• **Your goal**
Your copy should begin with the line containing "Condos & Townhomes", end with the line containing "Tricou sport Roly", match the listing below exactly, and contain no pictures.

• **Provided records**

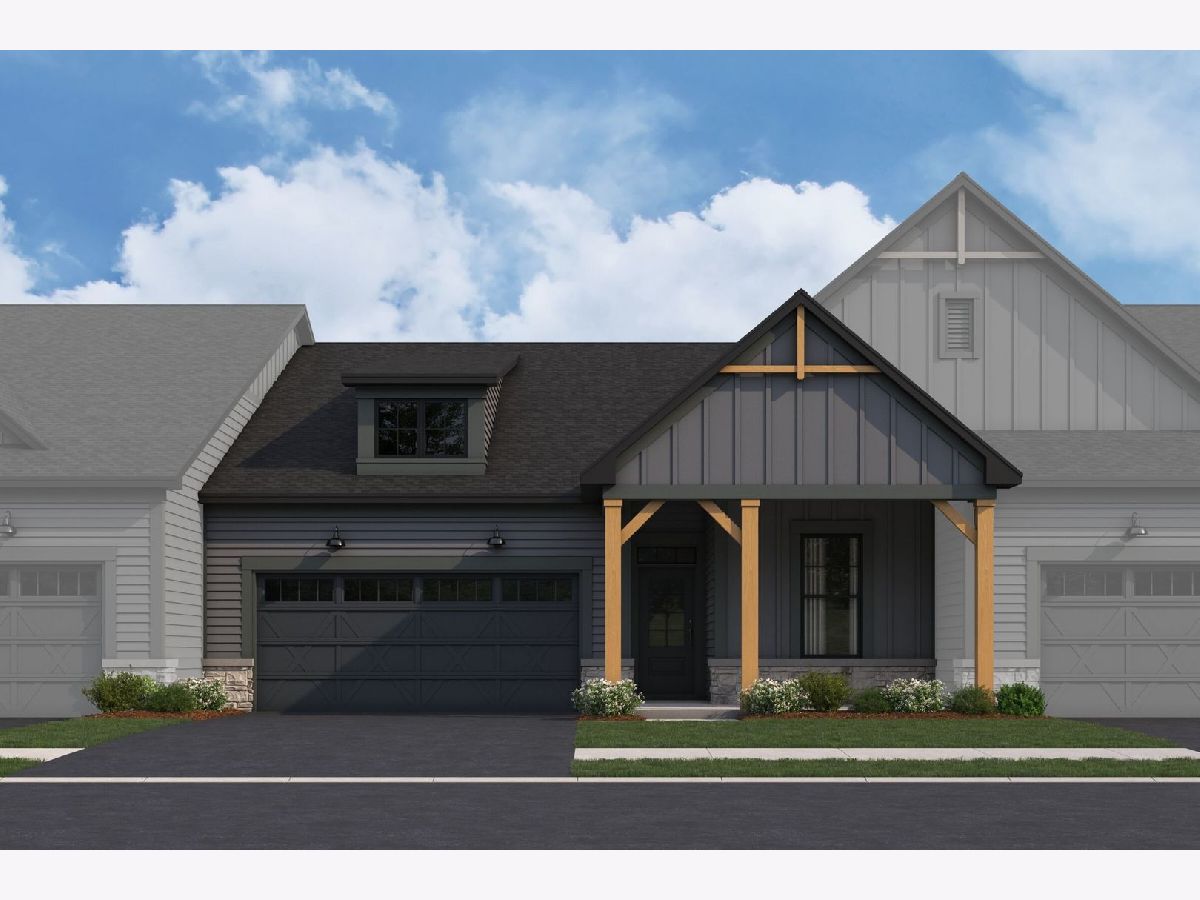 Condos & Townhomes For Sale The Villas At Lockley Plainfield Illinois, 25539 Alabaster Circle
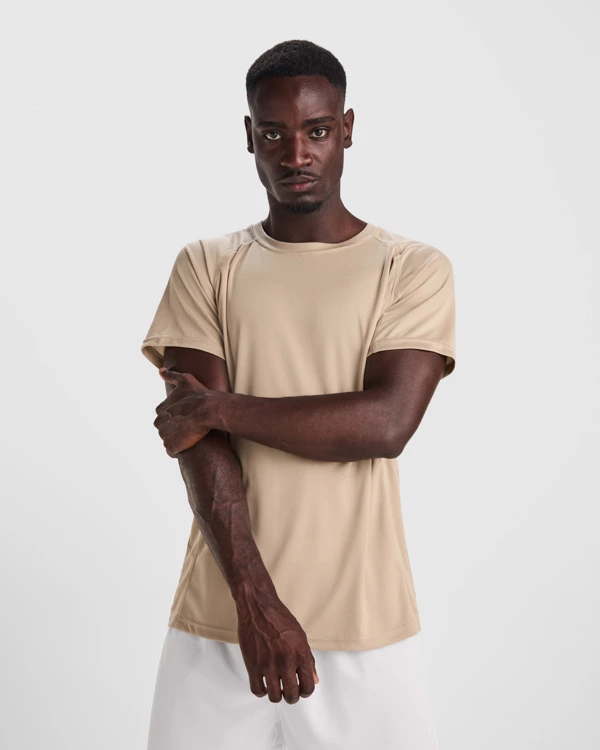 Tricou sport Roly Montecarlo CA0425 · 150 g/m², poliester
--
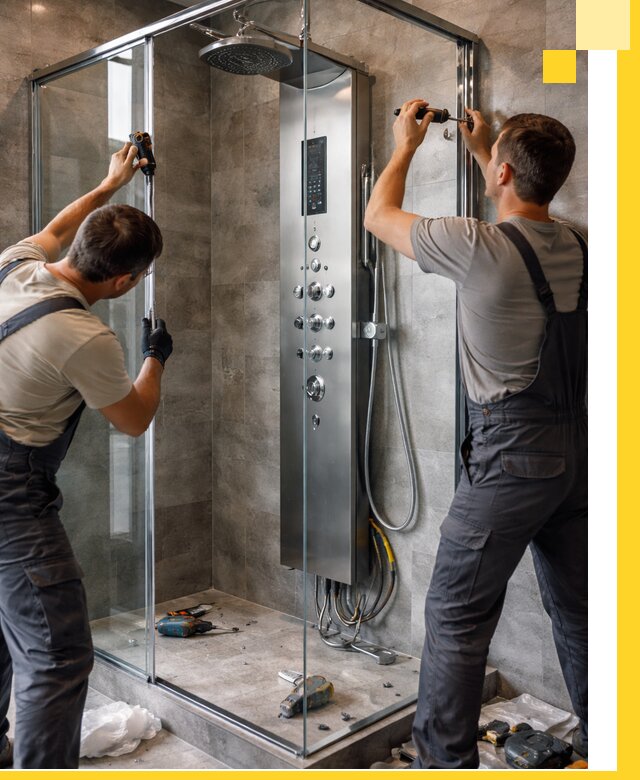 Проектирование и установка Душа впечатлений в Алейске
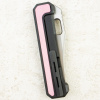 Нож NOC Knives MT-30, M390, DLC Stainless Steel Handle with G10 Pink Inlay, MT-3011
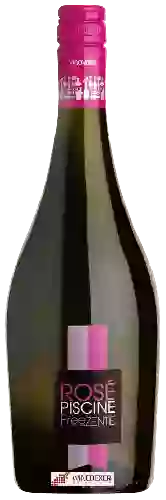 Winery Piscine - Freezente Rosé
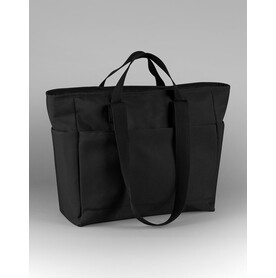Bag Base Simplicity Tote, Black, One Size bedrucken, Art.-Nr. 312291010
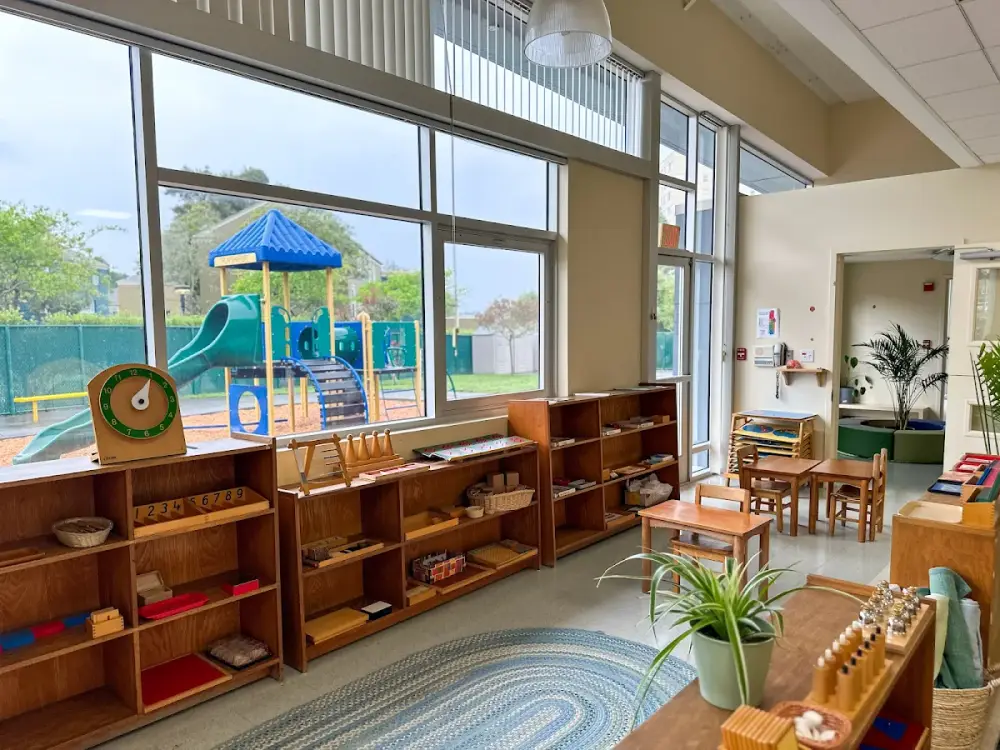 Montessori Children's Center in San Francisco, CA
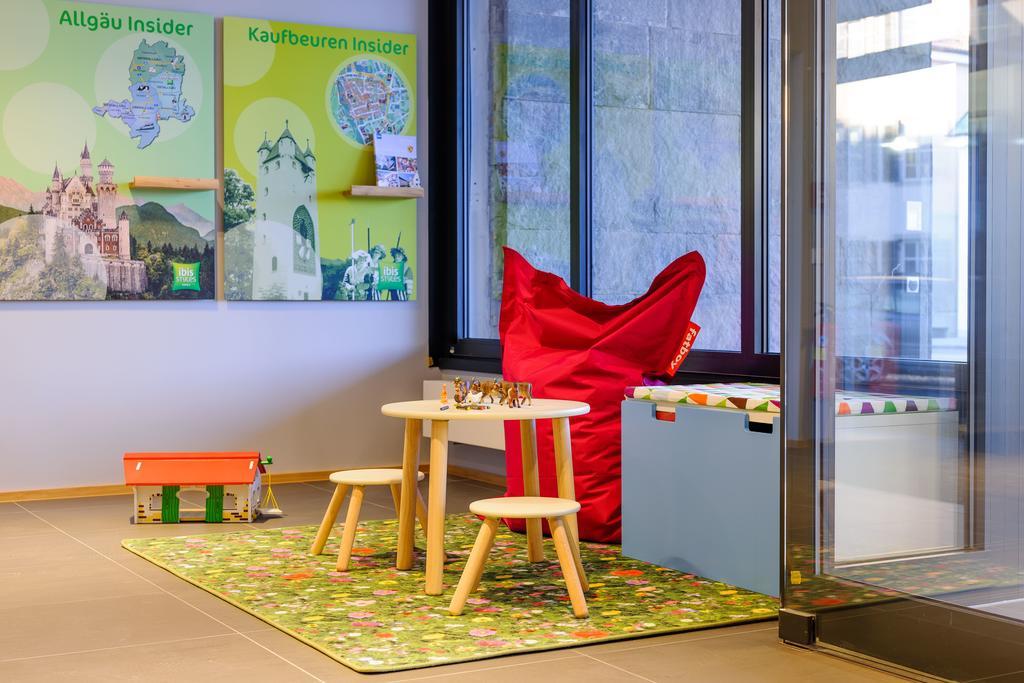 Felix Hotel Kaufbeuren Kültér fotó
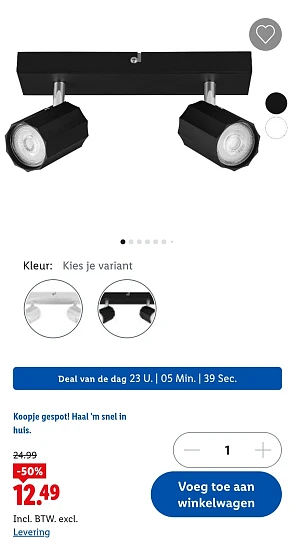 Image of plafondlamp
...
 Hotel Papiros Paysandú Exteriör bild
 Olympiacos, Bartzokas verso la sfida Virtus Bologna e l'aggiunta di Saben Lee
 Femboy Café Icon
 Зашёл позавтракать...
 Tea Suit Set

• **Solution for this problem**
 Condos & Townhomes For Sale The Villas At Lockley Plainfield Illinois, 25539 Alabaster Circle
 Tricou sport Roly Montecarlo CA0425 · 150 g/m², poliester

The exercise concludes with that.